A few years later I took some poetry classes in Washington, D. C. where I worked at the Department of Agriculture.  The classes were at Glen Echo, a place that had been an amusement park when I was a child, and still had some of the old carnival structures.  It was converted into an artist’s colony; it was a suitable setting for artists.  Though the Writer’s Center has since moved from Glen Echo, it still exists.  It is a small press that publishes books of poetry.  I often went to poetry readings there. 

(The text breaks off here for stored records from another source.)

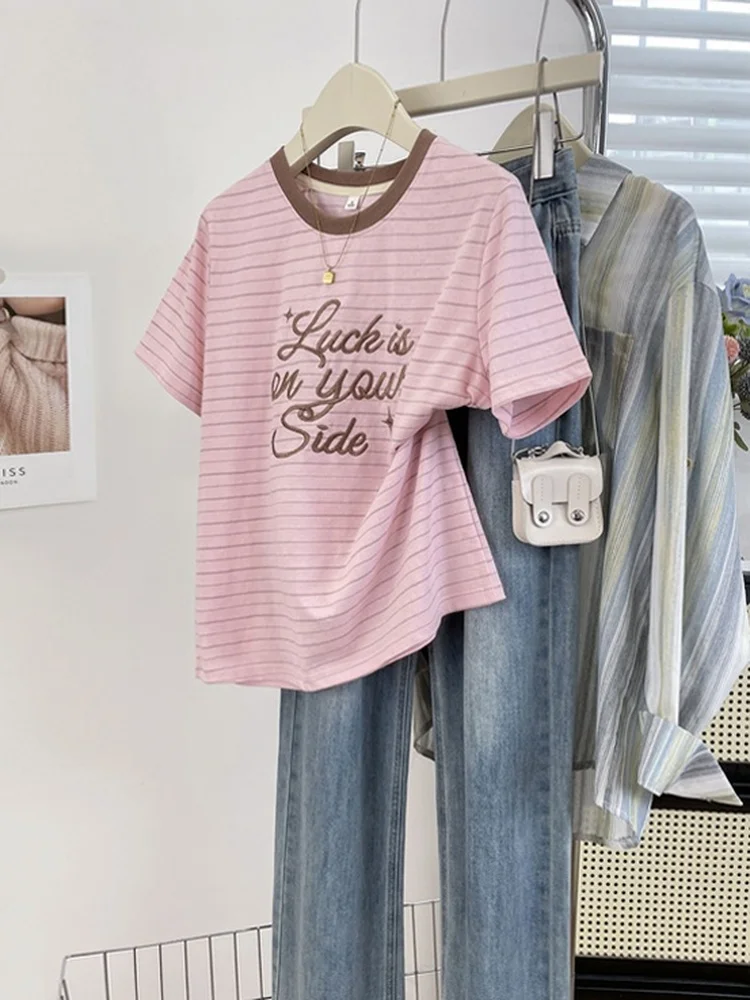 Retro Korean Striped Color Block round Neck Short Sleeve T-Shirt Women's Embroidered Letter Casual Versatile Lightweight Summ...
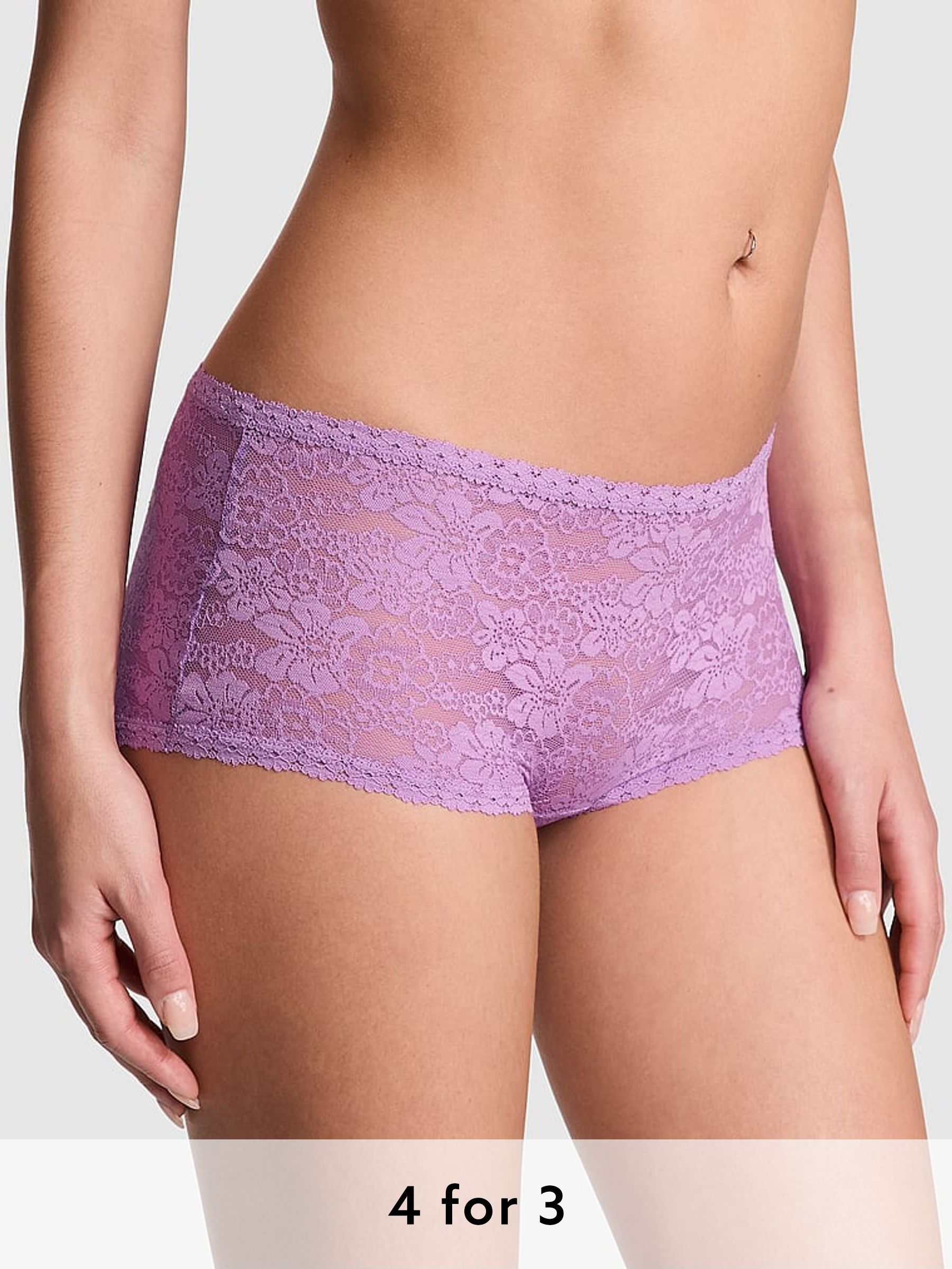 Grape Taffy Purple Short Floral Lace Knickers (AC7520) | £9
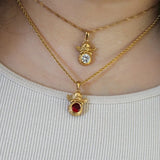 Vintage Angel Zircon Necklace for Women Stainless Steel Choker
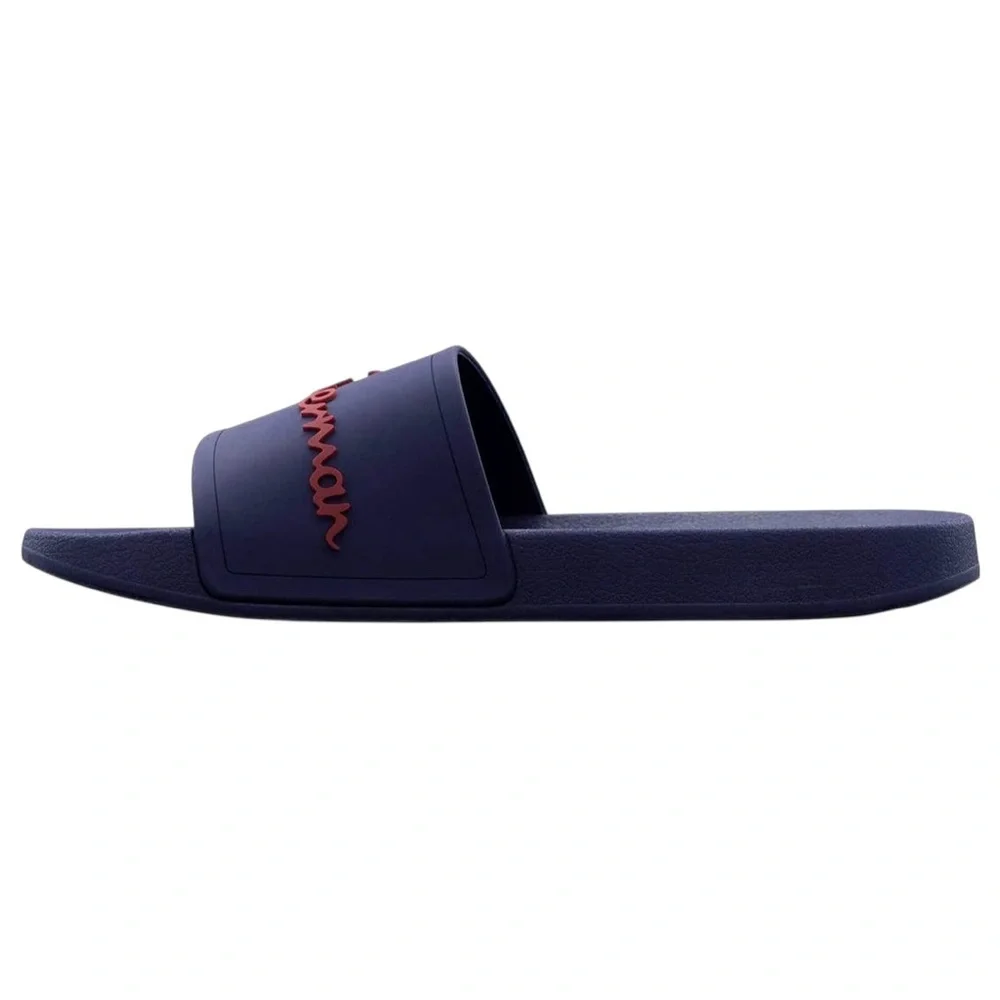 Ben Sherman Waterford Logo Slide Sandals Shower Shoes Mens Casual Blue Red 7 NEW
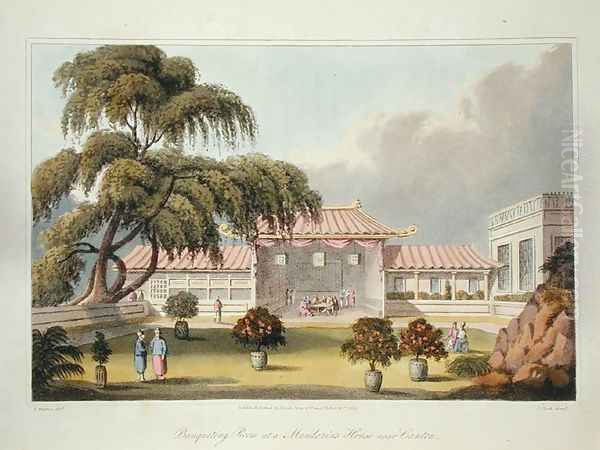 Banqueting Room at a Mandarins House near Canton, from 'Journal of a voyage, in 1811 and 1812 to Madras and China, engraved by J. Clark, published 1814 Oil Painting by Wathen, James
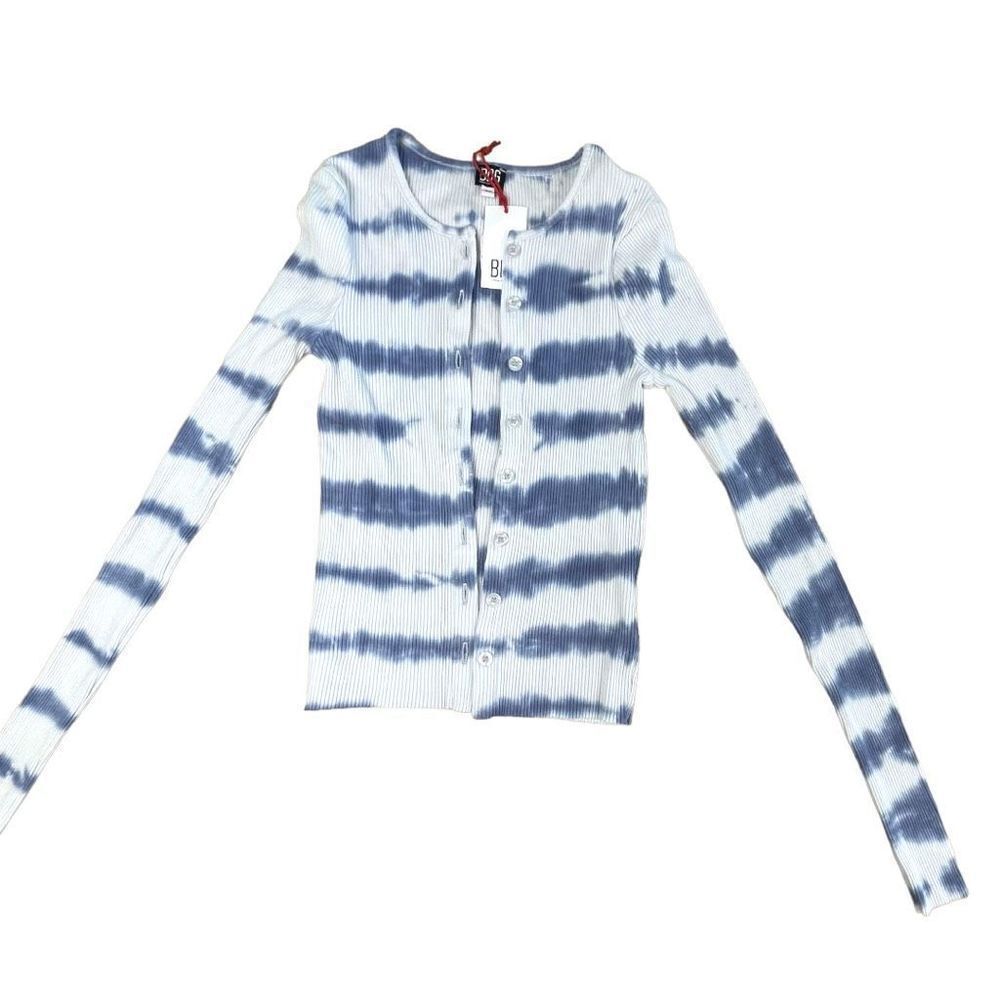 Bdg Urban Outfitters Women's Blue Tie Dye Button Front Crop Top Size Medium NWT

The first class I took at the Writer’s Center was really good, and I had a wonderful time.  The teacher was a young man who taught classes at George Washington University (where it happens I got my bachelor’s and master’s degrees.)  He was a poet himself, and he may have been a fine one; I couldn’t judge because I never understood any of his poems.  He was, however, an excellent teacher.

We had to read our poems aloud to the class.  Then he and the class would critique.  This system scared me to death at first, but I found that it resulted in rapid improvement of my writing, and I learned a lot from the comments on the poems of others, as well as my own.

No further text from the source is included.